# Data block:
--------

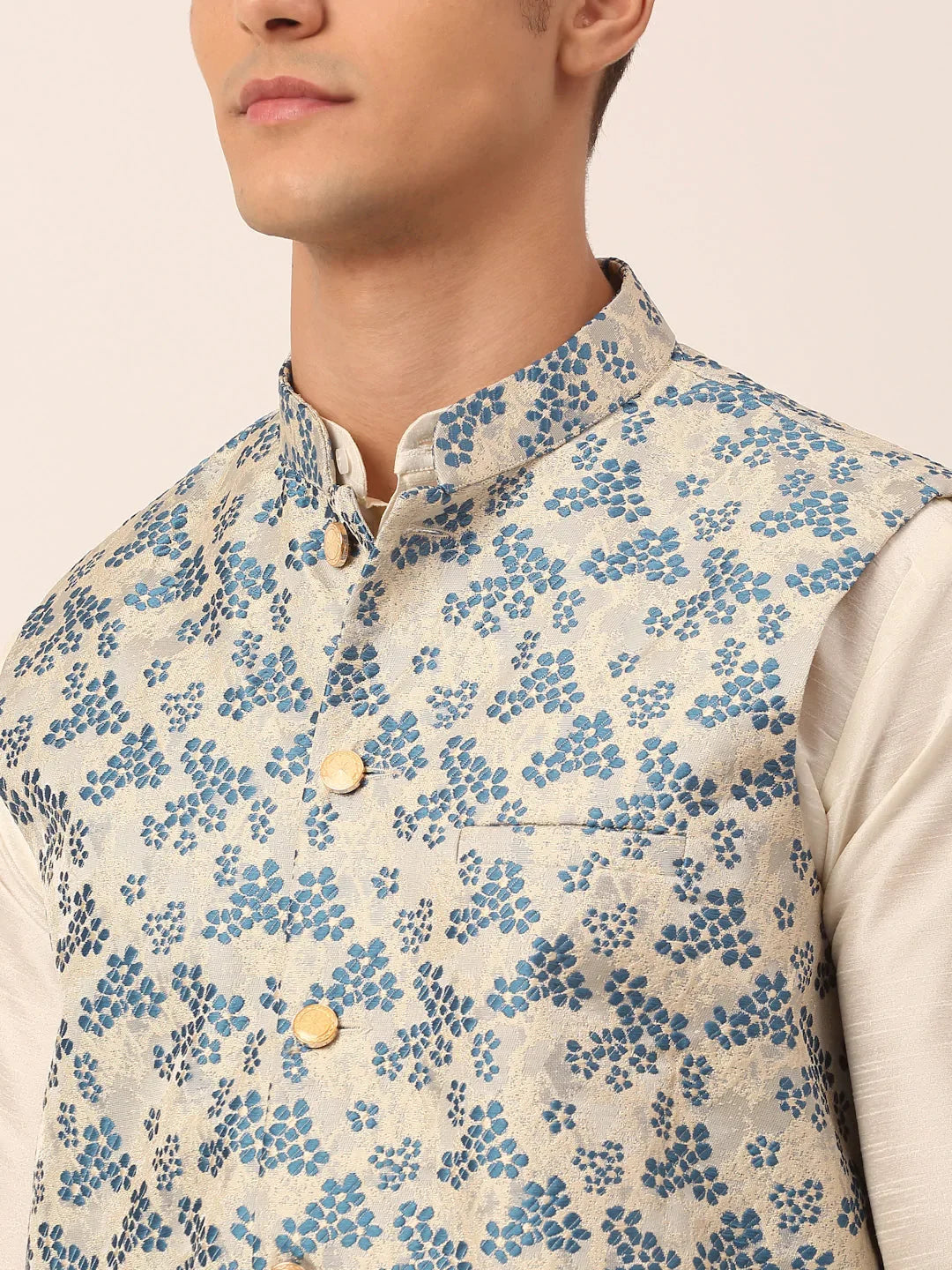 DesiQlo Men Waistcoat Nehru Jacket - Blue - JOWC_4042Blue_S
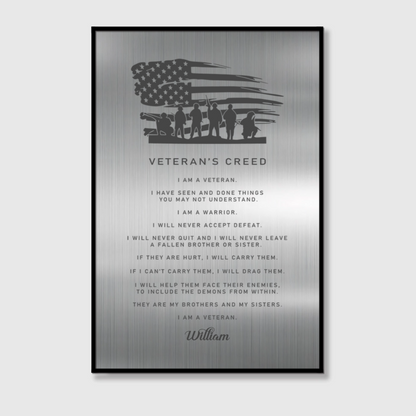 Personalized Veteran’s Creed Canvas / Poster - Custom Retirement Gift for Veterans
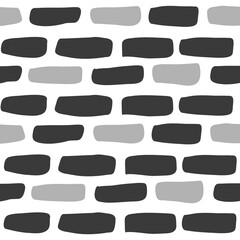 Black and gray bricks seamless pattern vector. Vector illustration in flat style on white background.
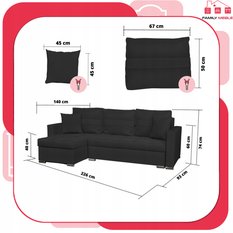 Narożnik FIGO 226x74x140 cm rozkładany z funkcją spania rogówka do salonu czarny - Miniaturka zdjęcia nr 8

--------

# Your task:
Leave out the pictures and set down all of the data exactly.

# Written response:
 DesiQlo Men Waistcoat Nehru Jacket - Blue - JOWC_4042Blue_S
 Personalized Veteran’s Creed Canvas / Poster - Custom Retirement Gift for Veterans
 Black and gray bricks seamless pattern vector. Vector illustration in flat style on white background.
 Narożnik FIGO 226x74x140 cm rozkładany z funkcją spania rogówka do salonu czarny - Miniaturka zdjęcia nr 8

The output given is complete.